Hasyim berkata, “Aku tidak melihat ada seorangpun di Kufah yang lebih baik bacaannya tentang kitabullah selain Al-A’masy.”[6]
Abdulllah bin Dawud Al-Kuraibi berkata “Aku pernah mendengar jika Asy-Syu’bah mendengar nama Al-A’masy maka dengan cepat ia akan berkata Al-Mushaf.” –Al-Mushaf (orang itu seperti mushaf).
Umar bin Ali berkata: “Al-A’masy disebut dengan al mushaf karena kejujurannya.” [7]

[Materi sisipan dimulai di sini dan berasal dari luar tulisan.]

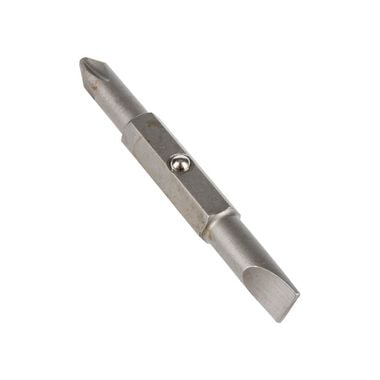 Klein Tools Bit #2 Phillips 9/32inch Slotted, large image number 2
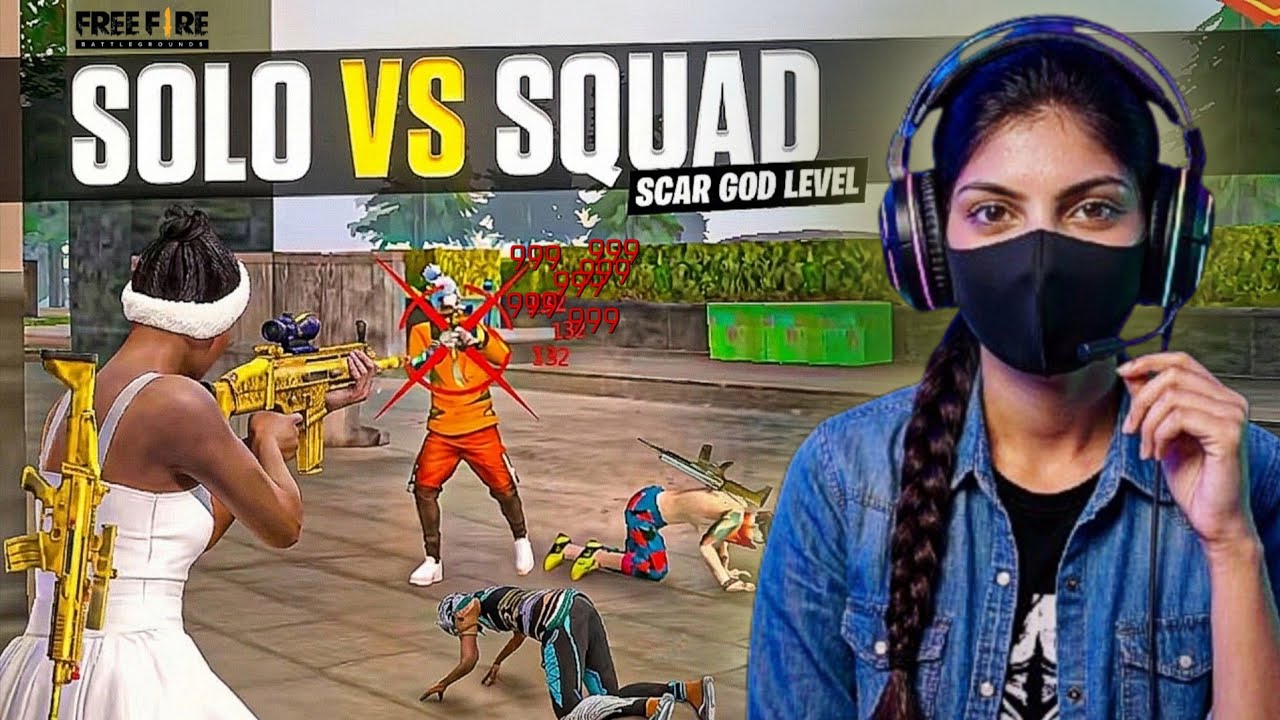 When a Girl Plays Better Than the Squad ! 16 Kills Aggression 💥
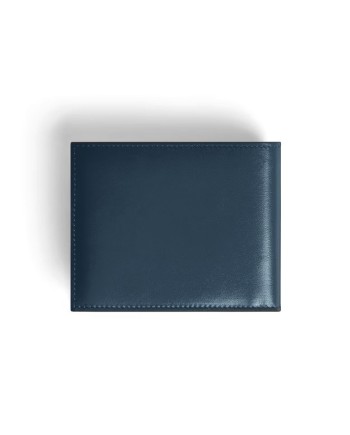 Montblanc Meisterstück 6-Cup Wallet in Blue Velvet Leather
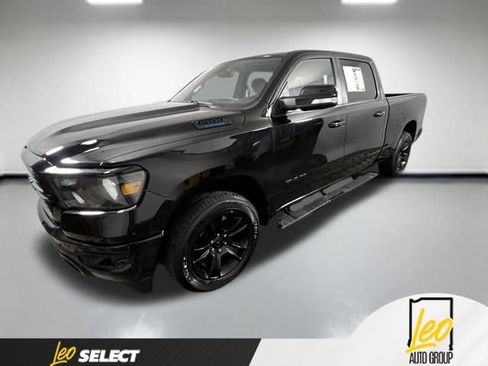 Used 2022 RAM 1500 Big Horn AWD/4WD image 1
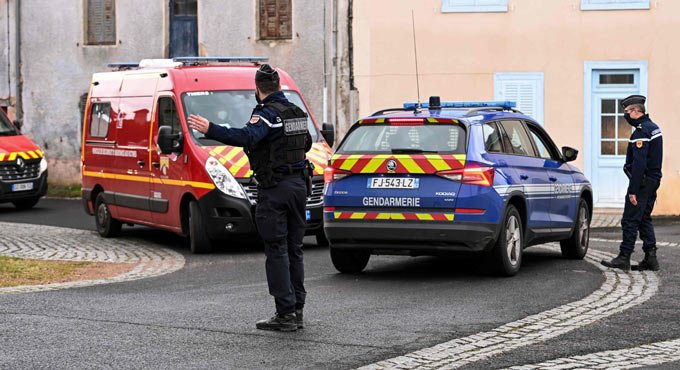 French police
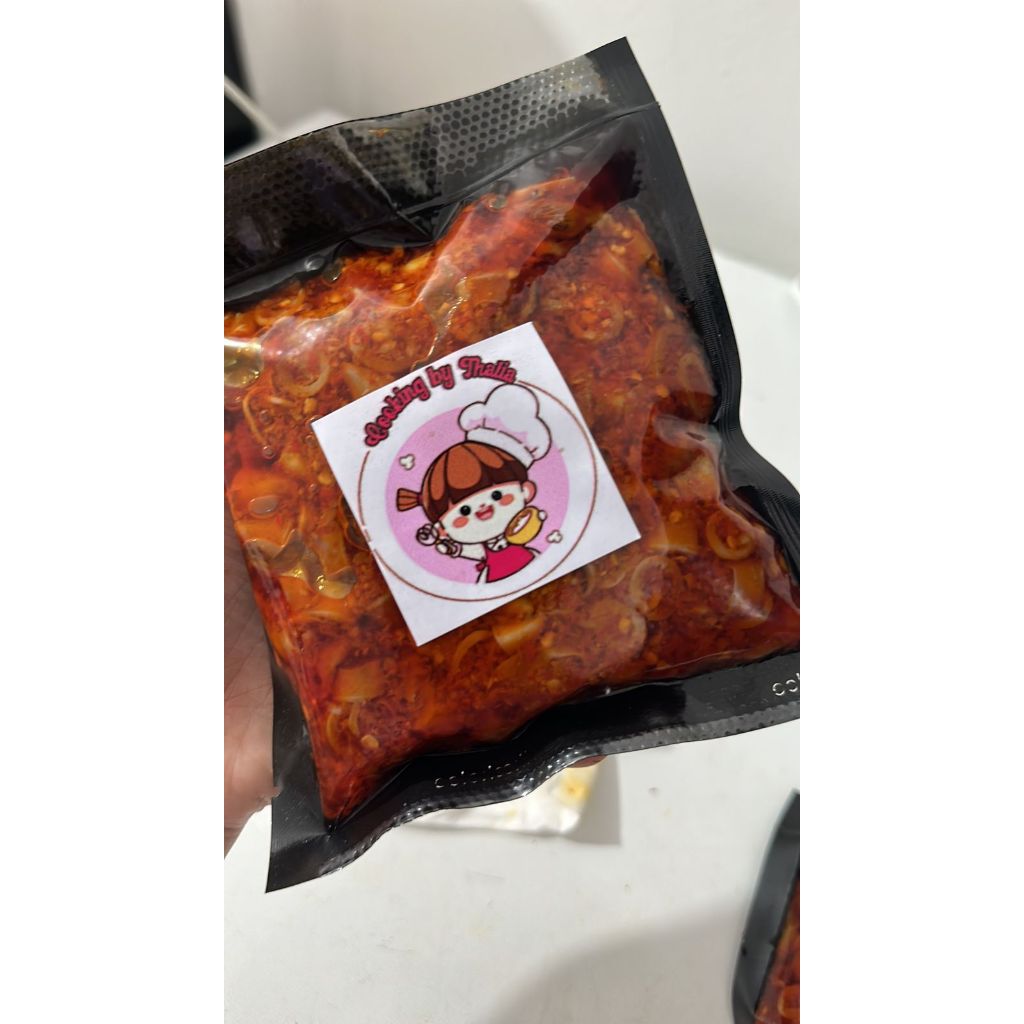 

Sambal cumi asin 150 gr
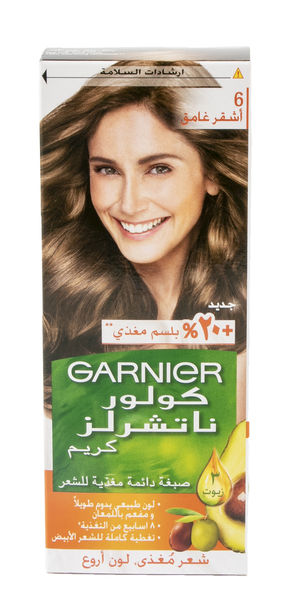 صبغة اشقر غامق ٦
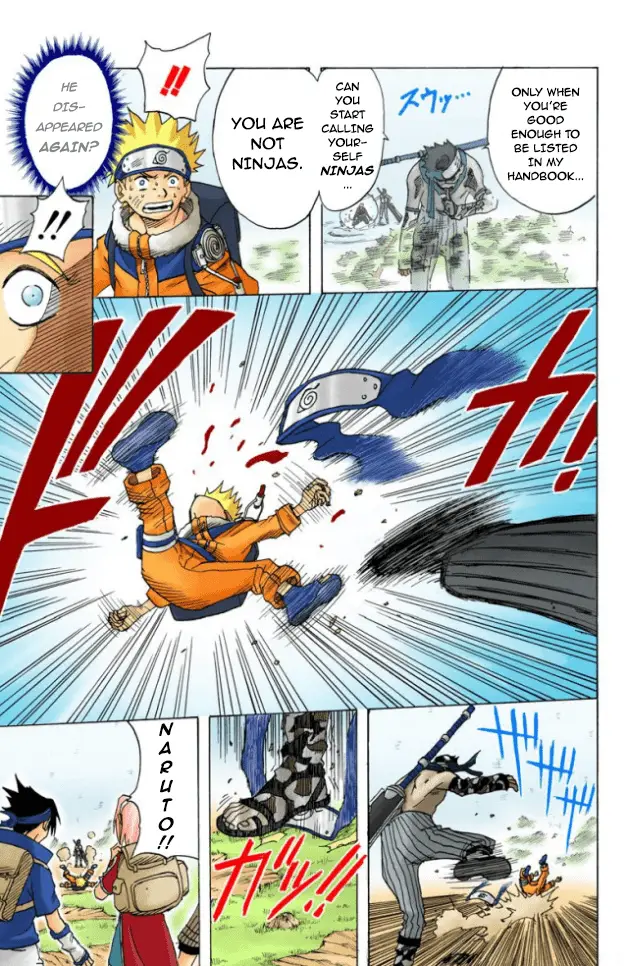 Read Naruto EN Manga Online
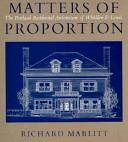 Matters of proportion : the Portland residential architecture of Whidden & Lewis /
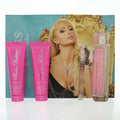 Paris Hilton Heiress 4-Piece Set 3.4oz Women EDP Spray
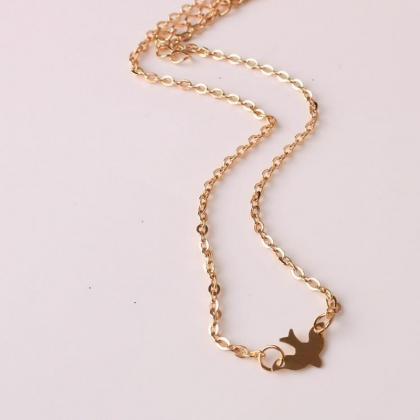 Alloy Birds Necklace Clavicle Chains Charm Womens..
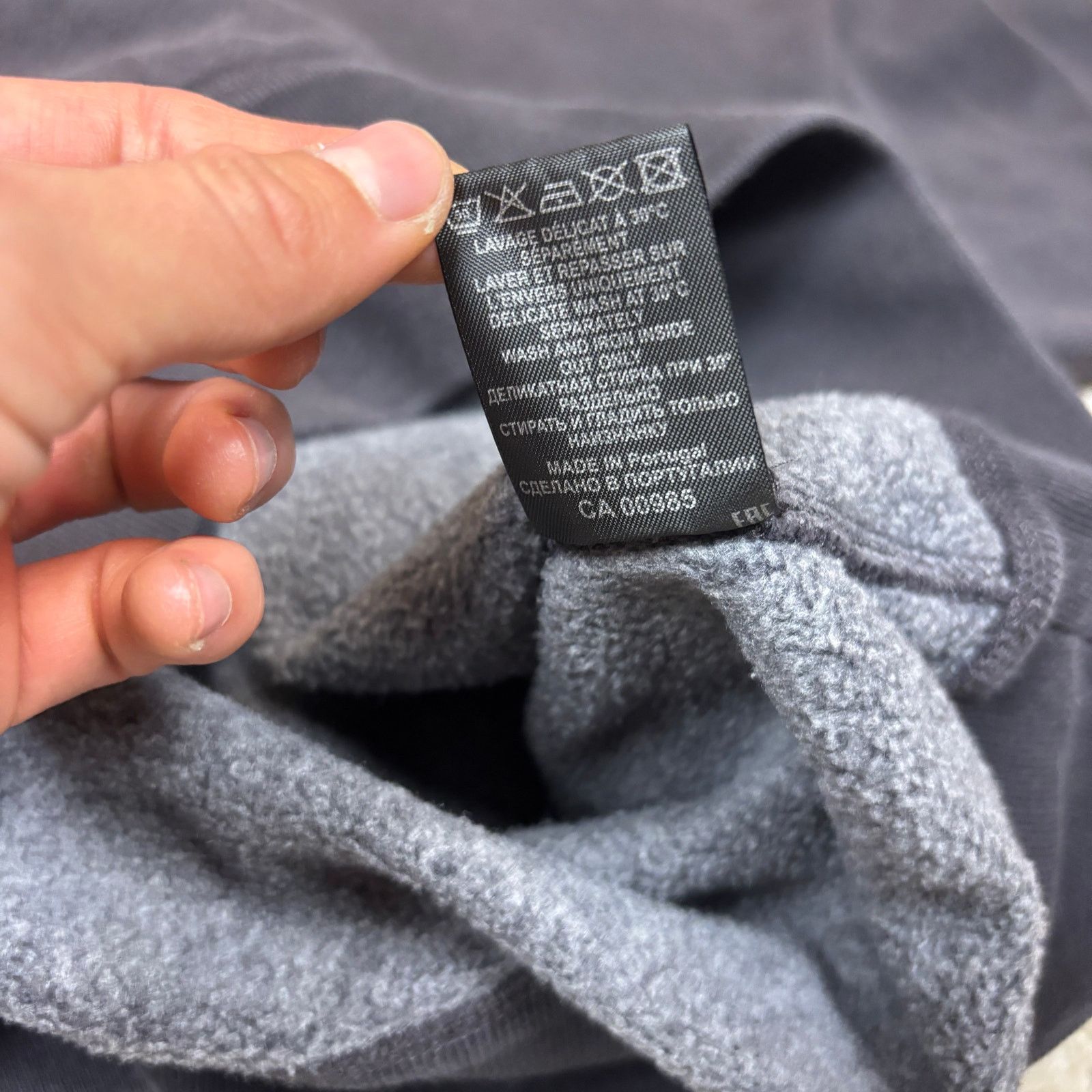 Isabel Marant ISABEL MARANT ÉTOILE Mansel Black Hoodie Sweatshirt 36 Size S / US 4 / IT 40 - 9 Thumbnail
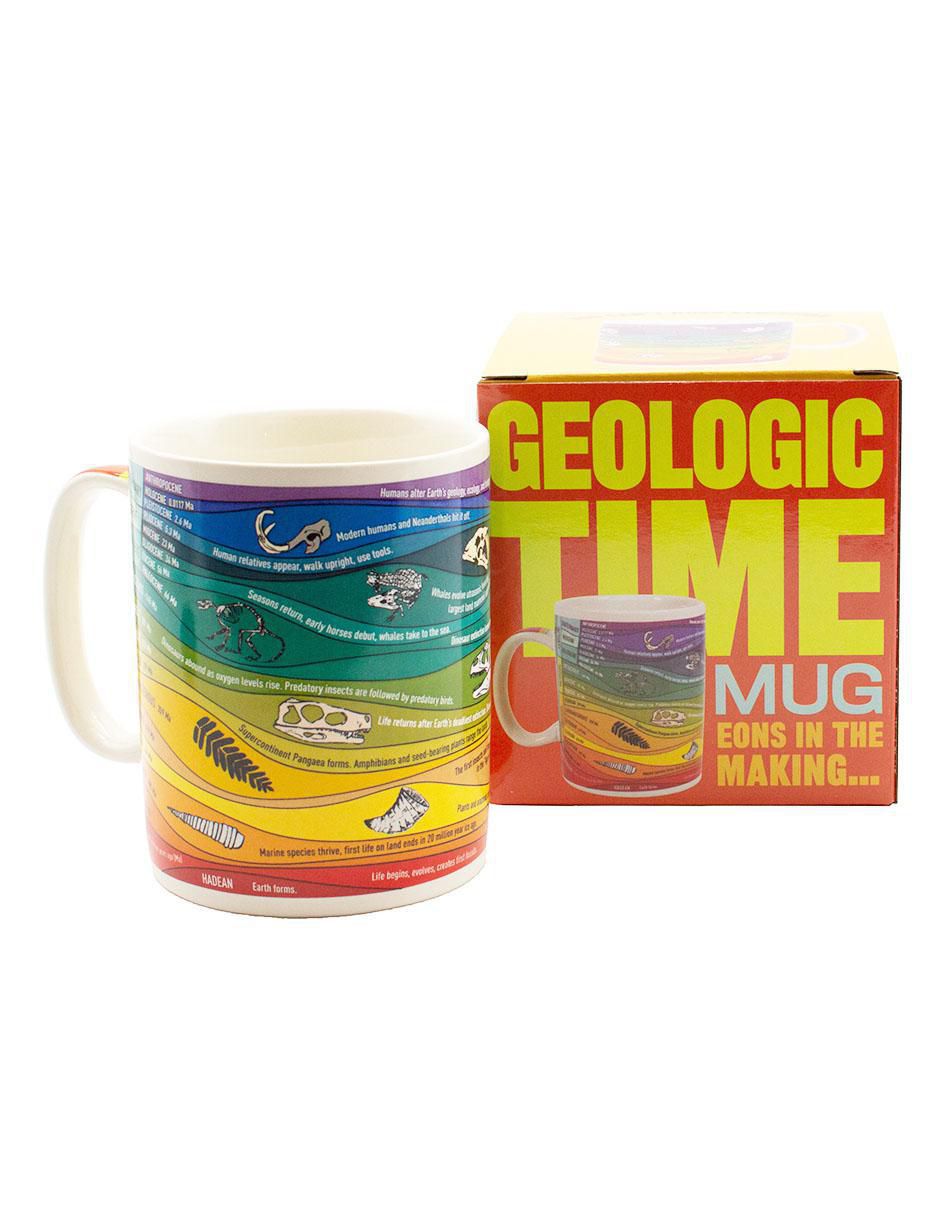 Taza de colección Time Machine artística 2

Waki’ bin Al-Jarah berkata: ”Hampir selama tujuh puluh tahun Al-A’masy tidak pernah tertinggal dari takbiratul ihram pertama (melakukan shalat di awal waktu).”
Abdullah Al-Khuraibi berkata: Tidak ada orang yang datang sesudah Al-A’masy yang lebih banyak ibadah darinya.”[8]
Abdurrazak berkata: “Beberapa orang dari sahabat kami telah memberitahukan kepada kami , sesungguhnya Al-A’masy sering bangun tidur karena ada keperluan dia tidak menyentuh air akan tetapi meletakan tangannya pada dindng dan bertayamum kemudian tidur lagi lalu ada orang yang menanyakan kebiasaan itu kepadanya dia berkata aku takut meninggal dunia dalam keadaan tidak bersuci.”[9]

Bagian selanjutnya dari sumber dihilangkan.